Speaking in a deadpan that gets raspier the longer the sentence goes, Maron, who wears jeans, a vest and a bushy beard, has left his old anger behind. He sounds more seen-it-all weary, impatient with anyone who thinks they have answers, including his fellow podcaster Joe Rogan, whom he needles for selling health supplements before saying he’ll get some flak about it online from “the monoculture of freethinkers,” a salvo that seems aimed at the class of commentators and comics reflexively at war with political correctness. Maron describes himself as “85 percent woke, the other 15 percent I keep to myself.”
He singles out three major American religions: Fox News, Christianity and the Marvel Universe. He spends the least time with Fox, while he is quick to point out that Marvel and Christianity were both “created in Jewish writers’ rooms.” In Jewish comedy, pride has always hidden right underneath self-hatred, a paradox Maron examines (and inhabits) as well as anyone.
After three and a half decades in comedy, Maron has evolved into a sneakily clever joke mechanic. Smuggling punch lines into asides or seeming tangents, he attempts to approximate more of a conversation than a setup-and-punch line structure, one full of Socratic dialogues, short stories and barroom theories.

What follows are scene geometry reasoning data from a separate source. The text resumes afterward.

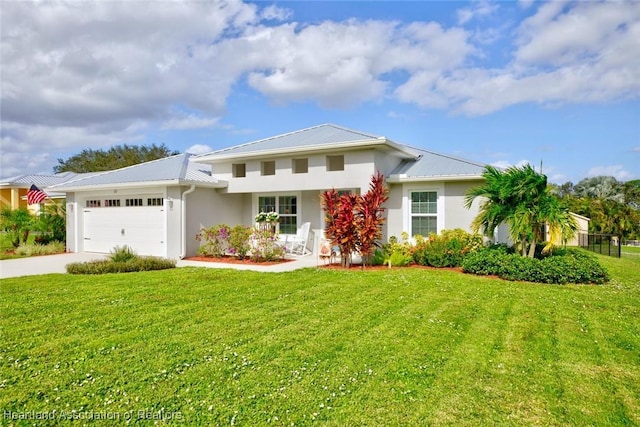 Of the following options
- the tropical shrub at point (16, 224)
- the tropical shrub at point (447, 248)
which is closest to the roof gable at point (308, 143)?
the tropical shrub at point (447, 248)

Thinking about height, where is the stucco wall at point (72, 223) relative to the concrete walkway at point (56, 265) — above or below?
above

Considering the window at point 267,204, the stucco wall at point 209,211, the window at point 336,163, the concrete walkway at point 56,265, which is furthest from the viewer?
the window at point 267,204

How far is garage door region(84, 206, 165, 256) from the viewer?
1507 centimetres

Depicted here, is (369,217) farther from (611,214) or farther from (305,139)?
(611,214)

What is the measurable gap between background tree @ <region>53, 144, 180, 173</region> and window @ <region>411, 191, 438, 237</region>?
39.0 meters

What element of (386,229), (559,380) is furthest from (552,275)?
(559,380)

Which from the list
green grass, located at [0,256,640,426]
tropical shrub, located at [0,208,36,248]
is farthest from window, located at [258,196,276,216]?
tropical shrub, located at [0,208,36,248]

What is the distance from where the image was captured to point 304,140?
606 inches

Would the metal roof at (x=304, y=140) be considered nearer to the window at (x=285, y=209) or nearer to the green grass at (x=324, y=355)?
the window at (x=285, y=209)

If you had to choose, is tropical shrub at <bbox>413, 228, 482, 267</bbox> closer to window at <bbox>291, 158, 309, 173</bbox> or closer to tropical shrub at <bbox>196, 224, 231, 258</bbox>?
window at <bbox>291, 158, 309, 173</bbox>

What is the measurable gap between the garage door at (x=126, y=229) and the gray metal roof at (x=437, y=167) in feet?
Result: 30.6

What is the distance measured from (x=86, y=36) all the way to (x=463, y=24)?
12.1 m

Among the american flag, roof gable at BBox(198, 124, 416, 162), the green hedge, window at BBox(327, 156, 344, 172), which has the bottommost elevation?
the green hedge

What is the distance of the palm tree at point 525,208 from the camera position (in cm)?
1050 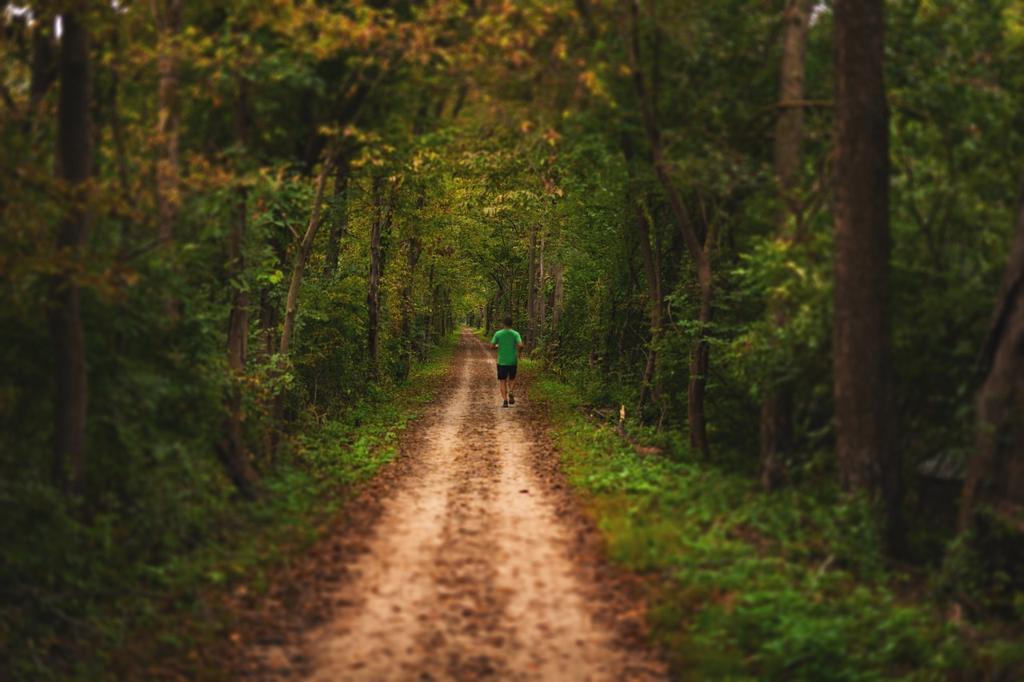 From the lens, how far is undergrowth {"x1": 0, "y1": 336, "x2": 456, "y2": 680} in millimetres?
6410

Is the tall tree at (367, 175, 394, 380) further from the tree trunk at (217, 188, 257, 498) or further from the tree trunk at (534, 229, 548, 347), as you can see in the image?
the tree trunk at (534, 229, 548, 347)

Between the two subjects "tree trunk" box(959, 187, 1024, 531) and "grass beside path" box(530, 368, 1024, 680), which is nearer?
"grass beside path" box(530, 368, 1024, 680)

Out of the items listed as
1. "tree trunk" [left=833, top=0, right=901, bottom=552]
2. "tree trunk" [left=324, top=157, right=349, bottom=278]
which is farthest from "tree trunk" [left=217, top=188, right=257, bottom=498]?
"tree trunk" [left=833, top=0, right=901, bottom=552]

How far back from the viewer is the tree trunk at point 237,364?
407 inches

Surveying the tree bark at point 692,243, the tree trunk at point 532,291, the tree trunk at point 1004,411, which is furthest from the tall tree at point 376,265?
the tree trunk at point 1004,411

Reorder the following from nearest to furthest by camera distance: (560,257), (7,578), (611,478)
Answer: (7,578) < (611,478) < (560,257)

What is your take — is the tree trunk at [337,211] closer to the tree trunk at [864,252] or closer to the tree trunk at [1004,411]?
the tree trunk at [864,252]

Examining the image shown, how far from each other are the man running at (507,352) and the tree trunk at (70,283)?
13.4 m

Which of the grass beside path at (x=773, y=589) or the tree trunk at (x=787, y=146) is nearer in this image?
the grass beside path at (x=773, y=589)

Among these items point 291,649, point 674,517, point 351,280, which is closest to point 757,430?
point 674,517

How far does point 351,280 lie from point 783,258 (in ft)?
47.3

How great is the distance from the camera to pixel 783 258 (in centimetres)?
988

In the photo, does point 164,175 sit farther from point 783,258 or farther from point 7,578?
point 783,258

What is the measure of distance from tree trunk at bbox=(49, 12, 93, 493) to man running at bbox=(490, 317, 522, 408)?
13.4 m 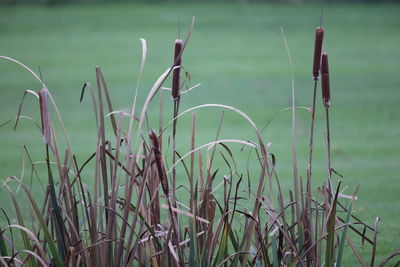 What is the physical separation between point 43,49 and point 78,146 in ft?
22.7

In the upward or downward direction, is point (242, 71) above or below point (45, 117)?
below

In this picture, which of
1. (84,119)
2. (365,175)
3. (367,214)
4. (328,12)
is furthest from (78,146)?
(328,12)

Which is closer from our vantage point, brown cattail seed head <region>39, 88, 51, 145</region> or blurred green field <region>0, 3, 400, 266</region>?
brown cattail seed head <region>39, 88, 51, 145</region>

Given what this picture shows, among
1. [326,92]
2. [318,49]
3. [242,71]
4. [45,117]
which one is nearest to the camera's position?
[45,117]

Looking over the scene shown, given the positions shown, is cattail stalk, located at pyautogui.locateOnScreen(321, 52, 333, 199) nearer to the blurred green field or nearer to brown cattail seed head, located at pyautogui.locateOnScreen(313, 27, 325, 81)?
brown cattail seed head, located at pyautogui.locateOnScreen(313, 27, 325, 81)

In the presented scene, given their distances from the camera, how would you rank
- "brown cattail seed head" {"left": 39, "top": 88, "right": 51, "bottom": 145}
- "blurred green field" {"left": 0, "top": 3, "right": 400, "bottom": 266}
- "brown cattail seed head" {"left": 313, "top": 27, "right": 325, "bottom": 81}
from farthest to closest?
1. "blurred green field" {"left": 0, "top": 3, "right": 400, "bottom": 266}
2. "brown cattail seed head" {"left": 313, "top": 27, "right": 325, "bottom": 81}
3. "brown cattail seed head" {"left": 39, "top": 88, "right": 51, "bottom": 145}

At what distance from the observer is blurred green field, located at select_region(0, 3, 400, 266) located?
7.70 metres

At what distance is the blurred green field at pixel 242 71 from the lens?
770 centimetres

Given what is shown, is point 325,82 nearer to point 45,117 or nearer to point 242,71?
point 45,117

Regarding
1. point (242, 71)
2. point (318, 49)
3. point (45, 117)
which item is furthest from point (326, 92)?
point (242, 71)

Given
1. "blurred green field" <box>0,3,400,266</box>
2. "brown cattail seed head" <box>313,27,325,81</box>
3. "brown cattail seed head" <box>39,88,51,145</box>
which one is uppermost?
"brown cattail seed head" <box>313,27,325,81</box>

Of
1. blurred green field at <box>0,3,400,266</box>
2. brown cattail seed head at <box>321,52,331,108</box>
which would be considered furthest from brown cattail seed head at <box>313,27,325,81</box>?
blurred green field at <box>0,3,400,266</box>

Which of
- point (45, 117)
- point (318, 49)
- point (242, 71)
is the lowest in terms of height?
point (242, 71)

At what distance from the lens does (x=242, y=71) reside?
504 inches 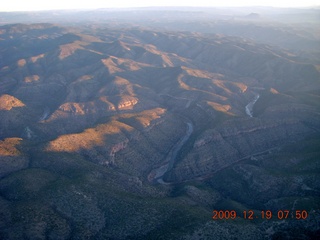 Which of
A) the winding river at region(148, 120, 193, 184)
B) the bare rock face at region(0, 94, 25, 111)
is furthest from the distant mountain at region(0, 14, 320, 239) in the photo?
the bare rock face at region(0, 94, 25, 111)

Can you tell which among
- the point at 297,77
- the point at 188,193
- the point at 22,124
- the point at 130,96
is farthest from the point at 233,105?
the point at 22,124

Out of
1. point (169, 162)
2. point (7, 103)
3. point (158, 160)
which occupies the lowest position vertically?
point (169, 162)

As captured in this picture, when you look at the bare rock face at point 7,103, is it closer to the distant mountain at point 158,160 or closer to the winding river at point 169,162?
the distant mountain at point 158,160

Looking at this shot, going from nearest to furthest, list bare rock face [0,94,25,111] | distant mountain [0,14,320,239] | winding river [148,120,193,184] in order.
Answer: distant mountain [0,14,320,239] → winding river [148,120,193,184] → bare rock face [0,94,25,111]

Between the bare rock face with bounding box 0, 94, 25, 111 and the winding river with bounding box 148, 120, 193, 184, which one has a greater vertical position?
the bare rock face with bounding box 0, 94, 25, 111

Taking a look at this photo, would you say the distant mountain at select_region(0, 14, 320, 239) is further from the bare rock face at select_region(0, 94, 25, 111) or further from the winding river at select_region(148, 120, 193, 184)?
the bare rock face at select_region(0, 94, 25, 111)

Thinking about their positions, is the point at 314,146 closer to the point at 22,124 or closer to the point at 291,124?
the point at 291,124

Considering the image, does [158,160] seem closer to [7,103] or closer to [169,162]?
[169,162]

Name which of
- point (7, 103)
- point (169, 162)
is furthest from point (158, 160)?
point (7, 103) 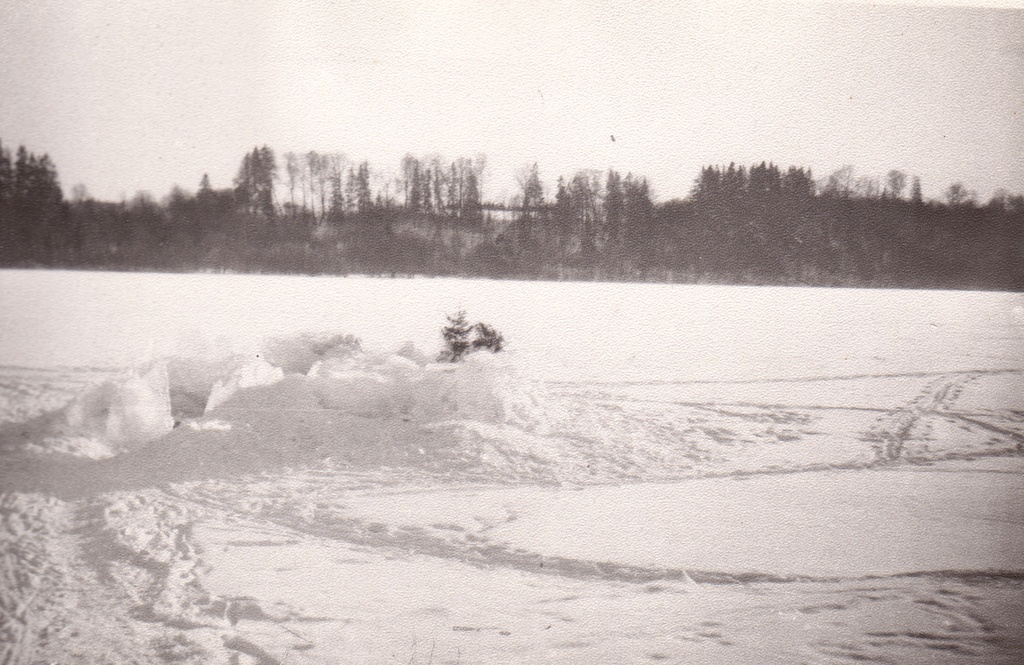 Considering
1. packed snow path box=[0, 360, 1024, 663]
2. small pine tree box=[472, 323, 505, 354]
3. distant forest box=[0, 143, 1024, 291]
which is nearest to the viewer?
packed snow path box=[0, 360, 1024, 663]

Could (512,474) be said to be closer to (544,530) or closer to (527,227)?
(544,530)

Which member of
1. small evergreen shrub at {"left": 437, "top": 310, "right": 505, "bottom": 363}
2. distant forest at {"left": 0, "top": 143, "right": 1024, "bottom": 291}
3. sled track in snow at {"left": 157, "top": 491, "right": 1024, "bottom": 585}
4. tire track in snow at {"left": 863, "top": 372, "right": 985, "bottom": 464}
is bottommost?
sled track in snow at {"left": 157, "top": 491, "right": 1024, "bottom": 585}

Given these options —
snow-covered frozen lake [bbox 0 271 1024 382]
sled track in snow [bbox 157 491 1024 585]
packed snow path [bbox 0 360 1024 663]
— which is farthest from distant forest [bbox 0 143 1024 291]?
sled track in snow [bbox 157 491 1024 585]

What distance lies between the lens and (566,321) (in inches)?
94.1

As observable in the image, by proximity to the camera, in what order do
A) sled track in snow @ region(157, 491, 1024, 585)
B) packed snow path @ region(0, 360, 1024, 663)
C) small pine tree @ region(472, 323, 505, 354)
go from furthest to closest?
small pine tree @ region(472, 323, 505, 354)
sled track in snow @ region(157, 491, 1024, 585)
packed snow path @ region(0, 360, 1024, 663)

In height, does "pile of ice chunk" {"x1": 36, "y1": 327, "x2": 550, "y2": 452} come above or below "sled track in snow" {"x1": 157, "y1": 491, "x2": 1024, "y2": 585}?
above

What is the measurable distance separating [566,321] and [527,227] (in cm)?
34

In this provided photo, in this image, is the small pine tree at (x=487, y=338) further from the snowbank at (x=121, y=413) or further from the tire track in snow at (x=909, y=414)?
the tire track in snow at (x=909, y=414)

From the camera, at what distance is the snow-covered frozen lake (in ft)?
7.18

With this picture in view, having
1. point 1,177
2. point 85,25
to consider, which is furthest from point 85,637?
point 85,25

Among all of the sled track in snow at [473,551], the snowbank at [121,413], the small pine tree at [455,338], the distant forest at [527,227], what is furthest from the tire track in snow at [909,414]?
the snowbank at [121,413]

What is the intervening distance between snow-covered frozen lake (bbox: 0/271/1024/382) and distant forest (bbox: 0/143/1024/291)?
5 cm

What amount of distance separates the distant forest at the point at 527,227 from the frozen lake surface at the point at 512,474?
78 mm

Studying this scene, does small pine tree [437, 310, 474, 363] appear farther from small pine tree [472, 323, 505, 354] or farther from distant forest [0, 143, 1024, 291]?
distant forest [0, 143, 1024, 291] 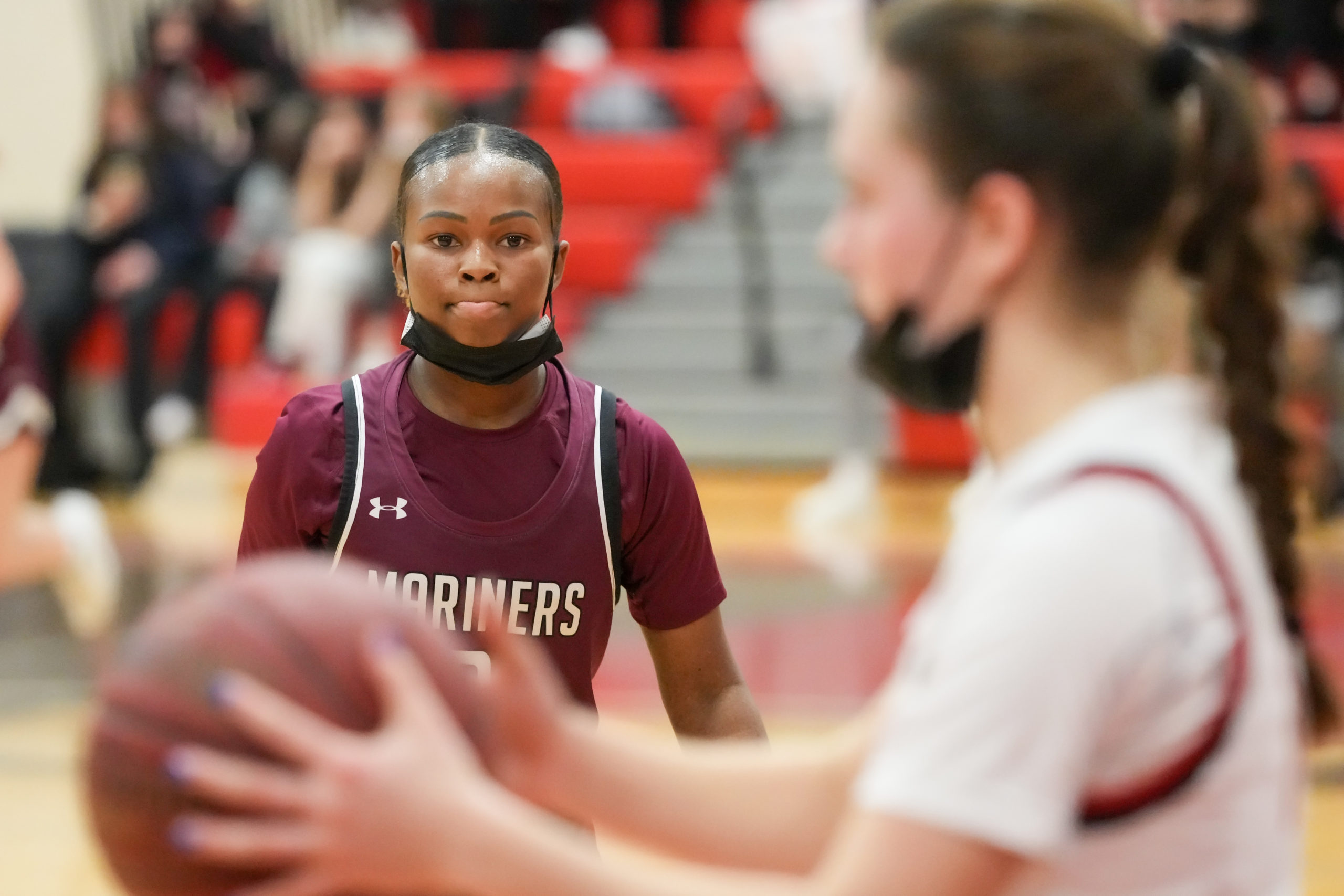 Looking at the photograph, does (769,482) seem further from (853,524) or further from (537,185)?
(537,185)

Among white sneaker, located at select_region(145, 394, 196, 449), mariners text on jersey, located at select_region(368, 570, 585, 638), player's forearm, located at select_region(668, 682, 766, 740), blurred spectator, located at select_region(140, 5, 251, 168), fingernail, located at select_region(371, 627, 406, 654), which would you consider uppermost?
blurred spectator, located at select_region(140, 5, 251, 168)

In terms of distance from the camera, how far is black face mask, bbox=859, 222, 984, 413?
1.40m

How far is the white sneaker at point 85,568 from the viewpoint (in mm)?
6305

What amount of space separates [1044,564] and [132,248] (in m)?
10.1

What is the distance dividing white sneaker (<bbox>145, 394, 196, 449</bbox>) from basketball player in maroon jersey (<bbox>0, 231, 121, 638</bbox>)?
263 centimetres

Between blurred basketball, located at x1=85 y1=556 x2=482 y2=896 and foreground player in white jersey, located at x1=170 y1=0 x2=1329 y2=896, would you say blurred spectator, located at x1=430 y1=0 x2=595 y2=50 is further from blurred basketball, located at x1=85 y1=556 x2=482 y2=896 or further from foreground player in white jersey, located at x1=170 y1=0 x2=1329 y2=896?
foreground player in white jersey, located at x1=170 y1=0 x2=1329 y2=896

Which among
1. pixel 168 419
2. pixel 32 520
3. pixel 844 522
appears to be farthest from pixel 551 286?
pixel 168 419

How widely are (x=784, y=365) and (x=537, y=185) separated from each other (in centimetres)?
809

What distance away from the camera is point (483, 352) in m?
2.49

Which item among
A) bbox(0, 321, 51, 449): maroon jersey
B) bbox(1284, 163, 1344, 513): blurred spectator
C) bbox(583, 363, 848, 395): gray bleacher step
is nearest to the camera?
bbox(0, 321, 51, 449): maroon jersey

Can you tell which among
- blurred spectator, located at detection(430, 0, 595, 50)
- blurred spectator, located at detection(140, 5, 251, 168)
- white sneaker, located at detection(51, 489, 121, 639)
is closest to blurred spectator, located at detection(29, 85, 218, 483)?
blurred spectator, located at detection(140, 5, 251, 168)

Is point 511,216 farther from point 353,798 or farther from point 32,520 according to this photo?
point 32,520

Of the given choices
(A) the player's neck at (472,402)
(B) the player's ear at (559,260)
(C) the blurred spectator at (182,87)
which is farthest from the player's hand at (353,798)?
(C) the blurred spectator at (182,87)

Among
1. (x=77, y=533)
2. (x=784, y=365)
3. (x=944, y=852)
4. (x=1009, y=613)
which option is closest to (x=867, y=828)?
(x=944, y=852) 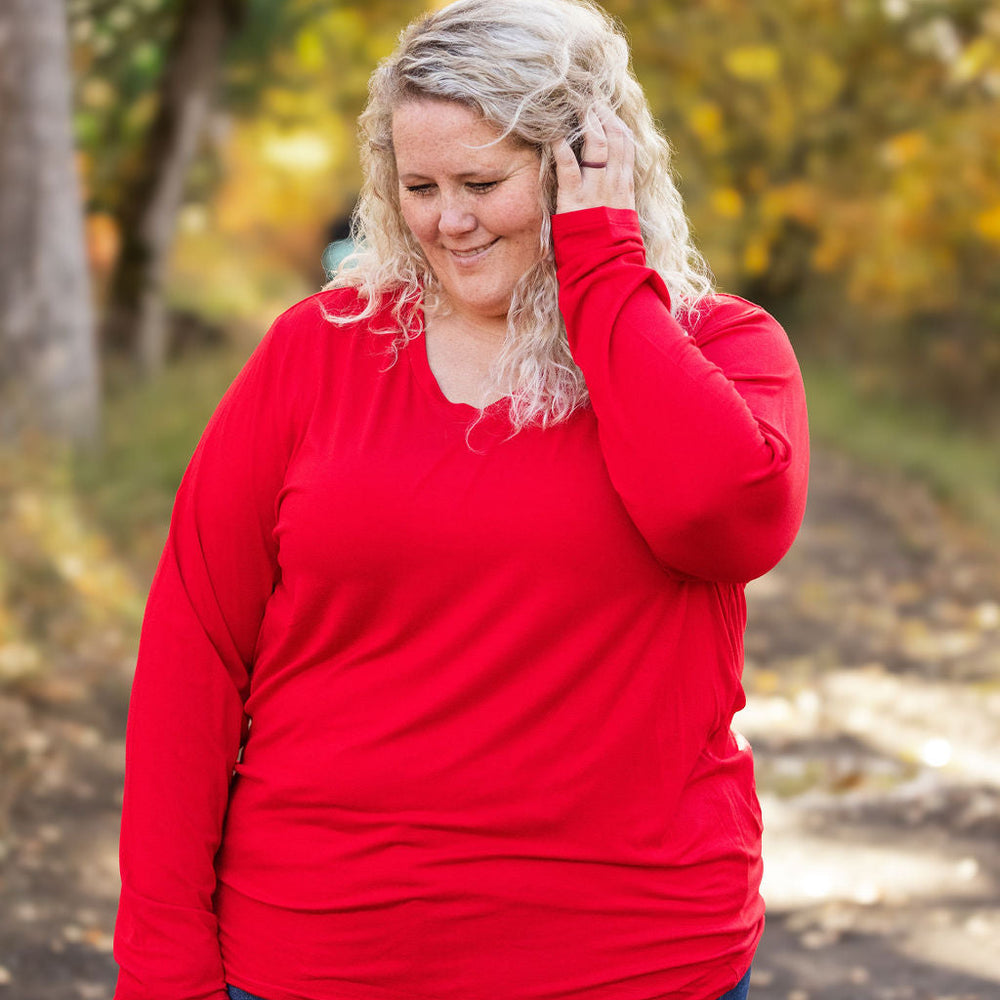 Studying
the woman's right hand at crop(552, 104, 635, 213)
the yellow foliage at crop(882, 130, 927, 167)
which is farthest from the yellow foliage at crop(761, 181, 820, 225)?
the woman's right hand at crop(552, 104, 635, 213)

Sometimes he seems more interested in a literary flourish than a belly laugh. His final joke is not hilarious but it calls back to no fewer than four different ones from the previous hour. In earlier specials, he almost fetishized spontaneity, but his work now is more overtly writerly, intricate and structured.
Over the years, Maron has been on several comedy vanguards, from the birth of the alt scene in the 1990s to the podcast revolution more than a decade ago, but with age and success, he has become firmly part of the establishment, a television star whose podcast is as likely to feature Brad Pitt gushing over the host’s self-titled IFC show as a scrappy comic talking shop. (Full disclosure: I have appeared on it, and on a recent episode, he discussed me reviewing his special, the first time I have received a review invite by podcast.) Maron is now the old guard. It’s not uncommon to hear young comics poke fun at him. It’s part of the price you pay for a decade of nostalgizing in public as well as the inevitable hypocrisies you engage in if you live long enough. Maron hates comic-book culture, but of course he appeared in the movie “Joker.”
Experience should humble you. And in an era of righteous certainty and flamboyant superficiality, what sets this special most against the grain is its commitment to doubt. He begins by imagining himself on the couch at a loss, wondering whether he can trust the few things he thinks he knows, which, in his accounting, number seven. When Maron says “I don’t know what’s happening, but it’s pretty clear the world is coming to an end,” the first part is just as important as the second. Comics tend to speak with authority on whatever subject they are hammering away on, but Maron keeps explaining how little he knows what he knows. The shaky ground that truth sits on is a rich subject in an age of disinformation and charges of fake news.
With an assured hold on the material, the special’s director, Lynn Shelton (who also directed him in the 2019 indie comedy “Sword of Trust”), underlines the theme of the slipperiness of truth by constantly shifting views of the comic, adopting a multiplicity of shots and angles, most intimate, none taken from below or on high to give the impression of power or omniscience. Her visuals tell a story: There are many different ways to look at the same thing.
At the end of one Maron’s riffs, he turns to the audience and says “Am I right?” This rhetorical device has become a comedy cliché, but he breathes new life into it merely by saying it with conviction. It’s rare to hear a comic seem like he actually wants to know. But he doesn’t. It’s a setup to the real message of this comic sermon that follows, a refrain that echoes what a lot of people feel about the state of things right now. Answering his own query yet again, Maron says, “I don’t really know.”